Questi individui hanno anche riferito i più alti livelli di emozioni negative. Gli autori dello studio pensano che abbia senso, dal momento che queste alternanze cerebrali sono spesso associate a sentimenti intensi di negatività e alienazione - motivo per cui le persone che dipendono dalla marijuana spesso riferiscono di provare un senso di rifiuto da parte degli altri.
Questo studio aggiunge al crescente numero di studi che hanno scoperto che il fumo pesante può essere collegato a psicosi, disturbi cognitivi e depressione - un effetto guidato dal basso rilascio di dopamina visto nel cervello di utenti cronici.

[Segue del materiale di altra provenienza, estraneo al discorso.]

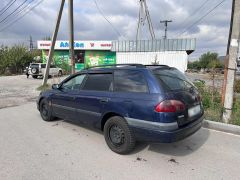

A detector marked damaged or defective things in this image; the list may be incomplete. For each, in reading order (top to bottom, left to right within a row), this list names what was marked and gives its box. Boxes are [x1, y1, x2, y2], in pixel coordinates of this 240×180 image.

cracked asphalt [0, 102, 239, 180]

Gli scienziati stanno ancora imparando perché questi effetti si manifestano e sospettano che il THC, il composto chimico attivo più famoso nella cannabis, sia da biasimare. Un altro composto chimico nella cannabis, CBD, è stato trovato per avere il di fronte Effetto: uno studio pubblicato a dicembre ha scoperto che il CBD potrebbe essere utile nel trattamento di disturbi psicotici.
È chiaro che in questi giorni l'uso di marijuana non è la campana a morto che i sostenitori della salute all'inizio del secolo scorso temevano fosse. D'altra parte, nuovi studi come questo sottolineano anche che c'è ancora una tonnellata che non sappiamo su come le droghe influenzano il cervello, soprattutto nel lungo periodo.